◆ **Your task**
Nothing is needed except the lines below that run from the one with "Joyeux anniversaire Cristobal" through the one with "ANUFER Hommes Véritable", repeated exactly.

◆ **Records for the exercise**
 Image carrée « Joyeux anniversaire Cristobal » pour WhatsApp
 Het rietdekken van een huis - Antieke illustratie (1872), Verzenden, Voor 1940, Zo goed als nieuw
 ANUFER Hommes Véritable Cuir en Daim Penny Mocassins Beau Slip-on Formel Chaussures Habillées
---
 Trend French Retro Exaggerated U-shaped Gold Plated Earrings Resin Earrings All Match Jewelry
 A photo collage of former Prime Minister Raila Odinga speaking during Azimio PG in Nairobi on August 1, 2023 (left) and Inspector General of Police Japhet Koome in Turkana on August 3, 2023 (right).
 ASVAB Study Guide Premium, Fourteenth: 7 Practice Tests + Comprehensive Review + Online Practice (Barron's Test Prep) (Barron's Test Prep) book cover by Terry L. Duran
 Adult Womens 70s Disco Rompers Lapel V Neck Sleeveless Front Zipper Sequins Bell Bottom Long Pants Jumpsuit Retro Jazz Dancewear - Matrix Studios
---
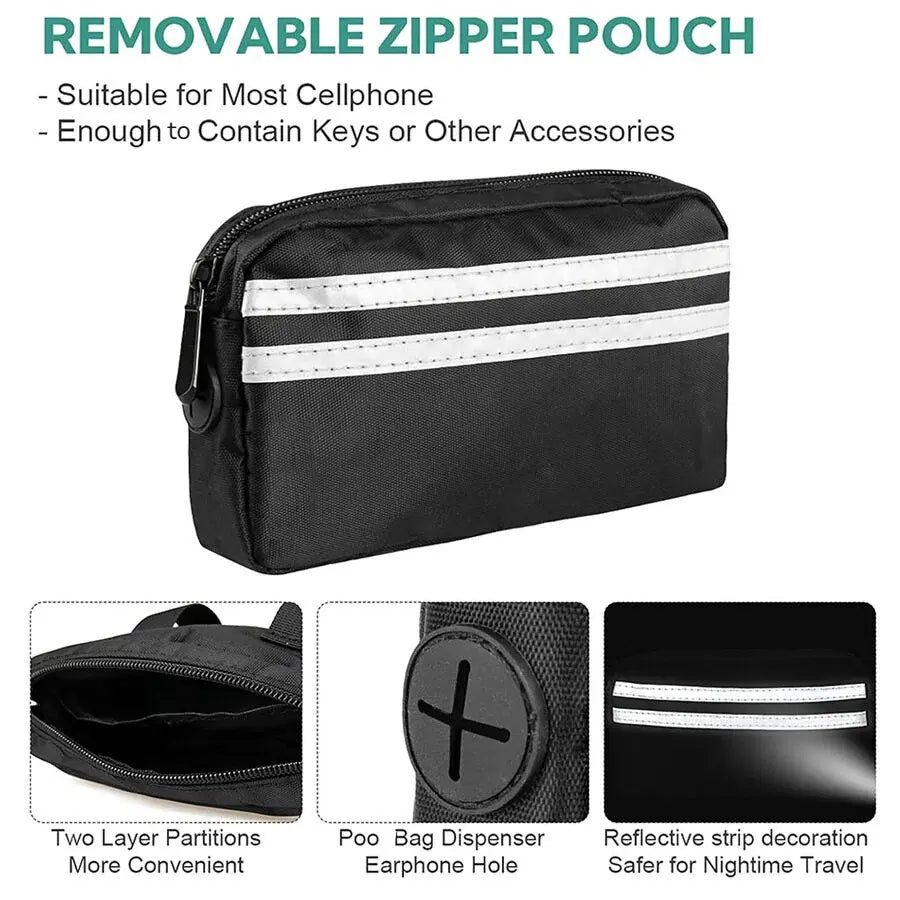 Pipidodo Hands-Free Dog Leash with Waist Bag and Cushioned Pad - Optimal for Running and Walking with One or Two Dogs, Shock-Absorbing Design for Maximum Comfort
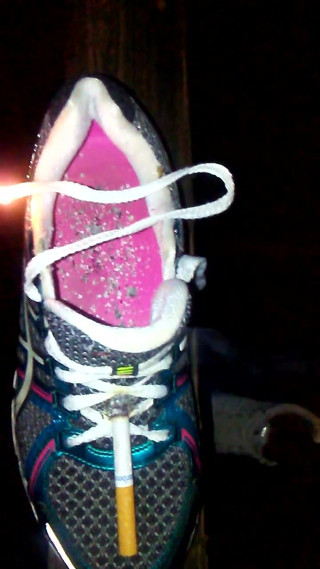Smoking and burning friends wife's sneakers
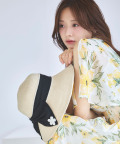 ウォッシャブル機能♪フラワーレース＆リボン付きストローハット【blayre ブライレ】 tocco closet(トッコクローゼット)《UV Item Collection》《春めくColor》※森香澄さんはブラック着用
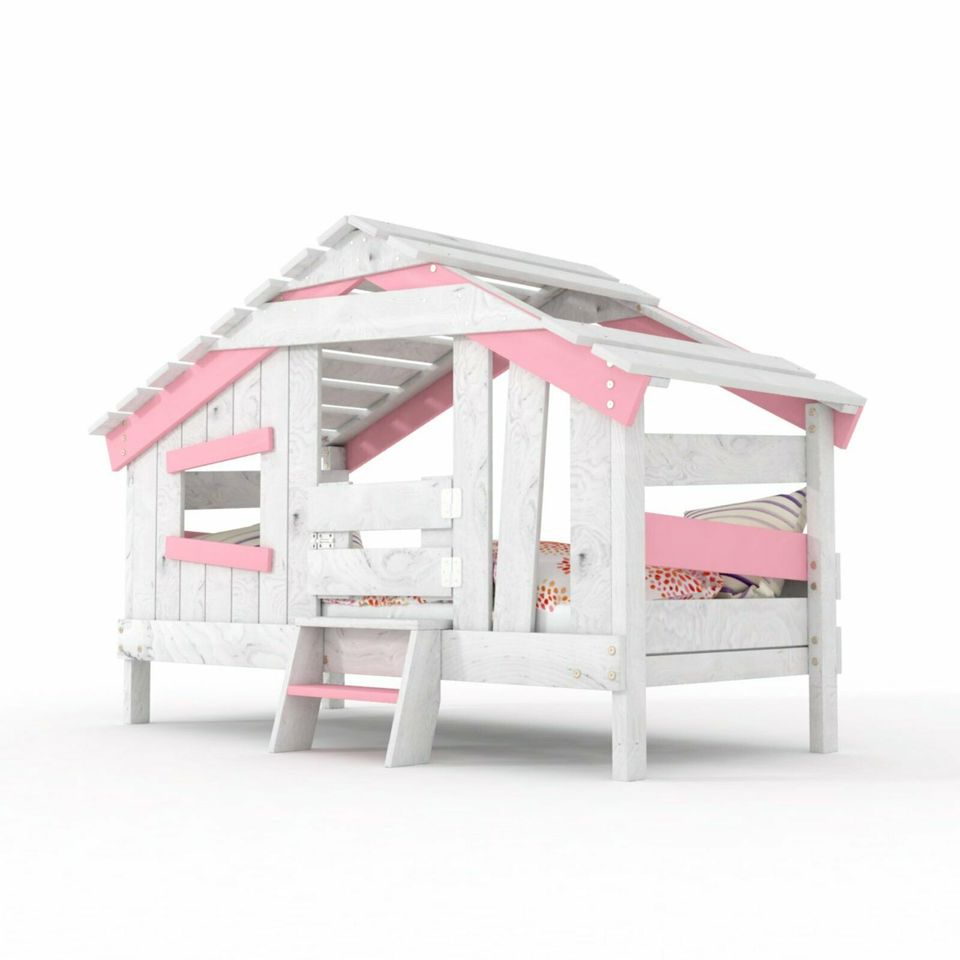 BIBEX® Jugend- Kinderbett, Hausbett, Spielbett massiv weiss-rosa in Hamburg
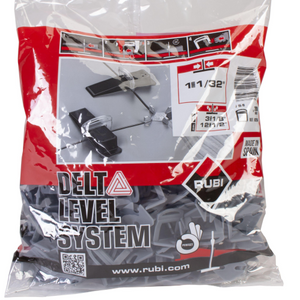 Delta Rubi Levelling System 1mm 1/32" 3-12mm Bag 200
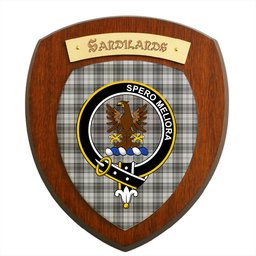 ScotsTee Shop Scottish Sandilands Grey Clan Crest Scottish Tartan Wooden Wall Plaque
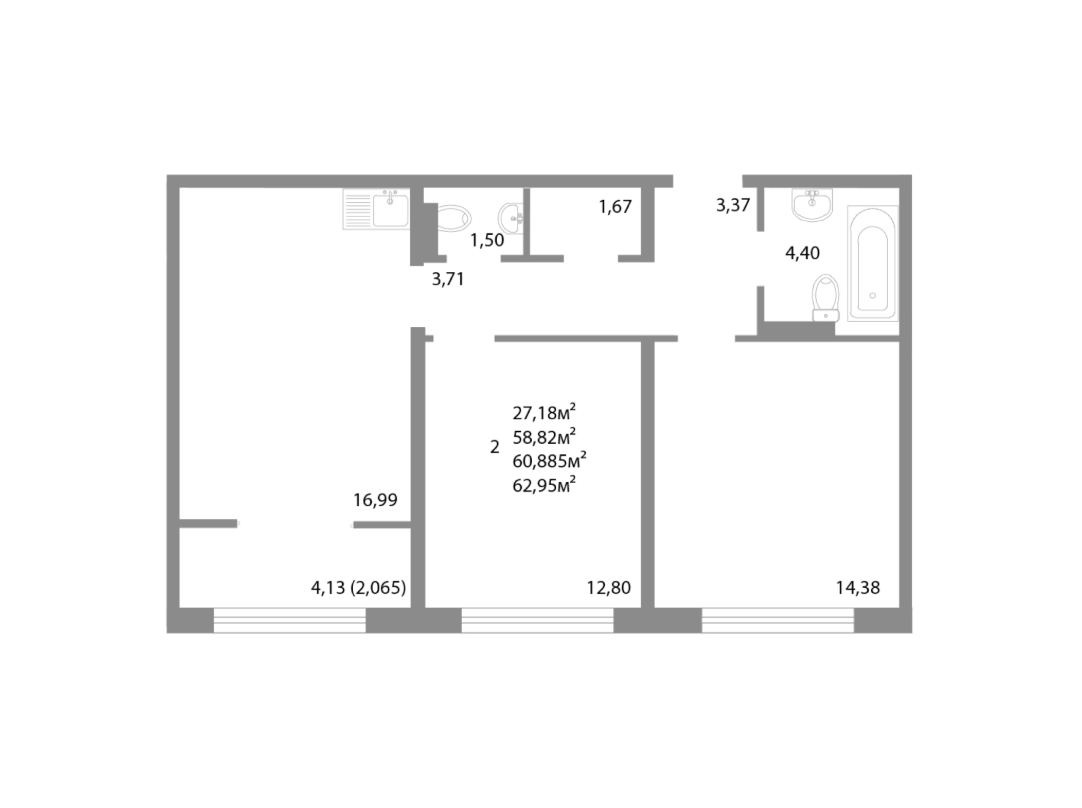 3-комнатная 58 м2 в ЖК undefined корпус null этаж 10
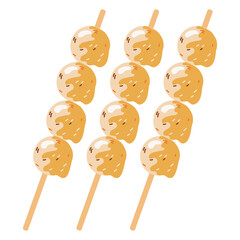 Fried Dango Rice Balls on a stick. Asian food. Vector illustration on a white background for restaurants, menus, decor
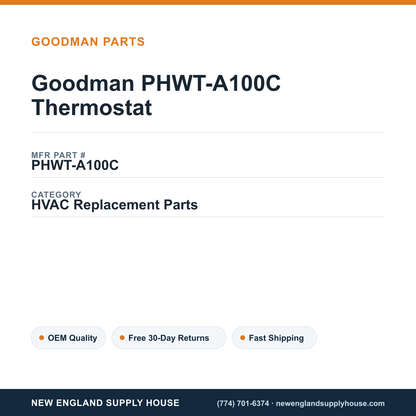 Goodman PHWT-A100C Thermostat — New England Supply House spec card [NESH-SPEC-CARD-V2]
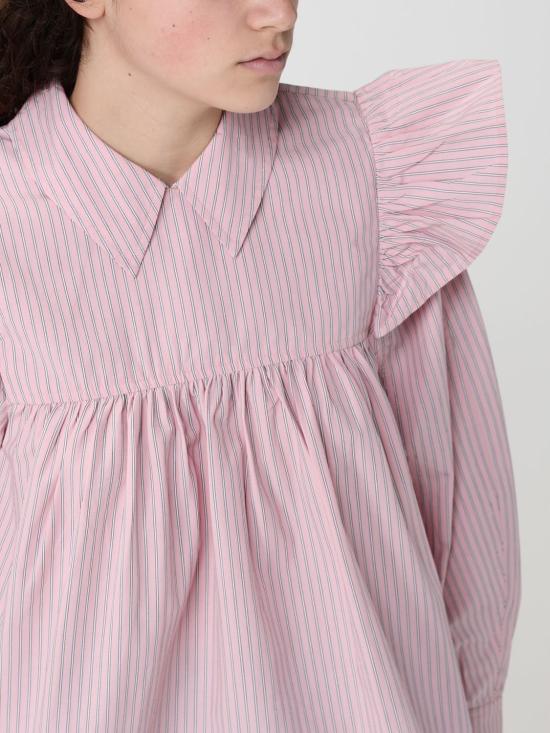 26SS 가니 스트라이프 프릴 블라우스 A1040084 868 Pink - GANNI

◆ **Your response**
 Image carrée « Joyeux anniversaire Cristobal » pour WhatsApp
 Het rietdekken van een huis - Antieke illustratie (1872), Verzenden, Voor 1940, Zo goed als nieuw
 ANUFER Hommes Véritable Cuir en Daim Penny Mocassins Beau Slip-on Formel Chaussures Habillées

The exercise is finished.